BOLMORA.COM, BOLSEL — Walau luas lahan perkebunan dan pertanian di Kabupaten Bolaang Mongondow Selatan (Bolsel) tidak seluas daerah lainnya. Namun upaya pemerintah daerah dalam mendorong produksi komoditas pertanian dan perkebunan terus digenjot.
Salah satu fokus pemerintah daerah selama beberapa tahun terakhir ini, yaitu mendorong Kabupaten Bolsel sebagai lumbung cabai rawit Sulawesi Utara (Sulut).
Hal itu pun bisa terlihat dari total produksi cabai rawit di Bolsel sepanjang tahun 2018 hingga 2020 yang produksinya mengalami peningkatan yang cukup signifikan.
Berdasarkan data dari Dinas Pertanian (Distan) Bolsel, produksi cabai rawit di daerah yang berada di ujung selatan Sulut itu mampu menghasilkan 400 sampai 600 ribu kilo gram (kg) tiap tahunnya.
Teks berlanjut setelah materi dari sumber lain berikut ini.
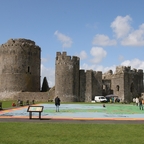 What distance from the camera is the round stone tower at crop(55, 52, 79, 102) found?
186 ft

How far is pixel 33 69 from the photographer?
67.6m

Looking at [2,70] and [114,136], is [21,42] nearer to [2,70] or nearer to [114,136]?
[2,70]

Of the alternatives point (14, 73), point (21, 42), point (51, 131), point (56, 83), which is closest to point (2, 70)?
point (14, 73)

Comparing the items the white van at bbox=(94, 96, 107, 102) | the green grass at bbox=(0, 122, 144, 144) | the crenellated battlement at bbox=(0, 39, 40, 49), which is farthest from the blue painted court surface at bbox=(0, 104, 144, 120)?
the crenellated battlement at bbox=(0, 39, 40, 49)

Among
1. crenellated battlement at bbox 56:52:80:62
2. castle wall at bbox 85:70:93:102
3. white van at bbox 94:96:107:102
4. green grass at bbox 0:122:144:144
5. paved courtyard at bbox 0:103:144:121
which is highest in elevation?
crenellated battlement at bbox 56:52:80:62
Kepala Distan Bolsel melalui Sekertaris Ronald Daun menyampaikan, Jika melihat dari Rencana Pembangunan Jangka Menengah (RPJM) Provinsi, komoditas utama yang didorong di rata-rata wilayah yang memiliki potensi pertanian dan perkebunan yakni jenis Pajale (Padi, Jagung dan Kedelai), Senin (02/08/2021).
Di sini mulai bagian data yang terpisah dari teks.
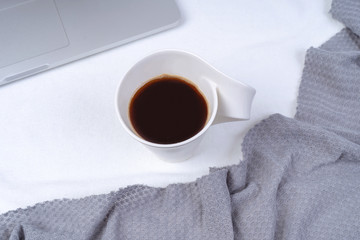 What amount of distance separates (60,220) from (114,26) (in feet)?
0.86

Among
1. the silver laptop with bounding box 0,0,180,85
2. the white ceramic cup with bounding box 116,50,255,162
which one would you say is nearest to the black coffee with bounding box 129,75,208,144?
the white ceramic cup with bounding box 116,50,255,162

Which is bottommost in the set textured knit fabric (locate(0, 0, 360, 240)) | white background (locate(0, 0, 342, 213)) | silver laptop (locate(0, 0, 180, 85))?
textured knit fabric (locate(0, 0, 360, 240))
“Di tengah mendorong komoditas Pajale, Pemkab Bolsel juga memberikan perhatian khusus kepada produksi cabai rawit di Bolsel. Kita ingin menjadikan Bolsel sebagai ikon cabai rawit di Sulut,” ujarnya.
Dikatakan, hasil panen sejak 2018 sampai 2020 memang sangat meningkat. 2018 hasil panen mencapai 402.900 Kg, tahun 2019 sempat menurun hasil panen hanya 384.330 kg.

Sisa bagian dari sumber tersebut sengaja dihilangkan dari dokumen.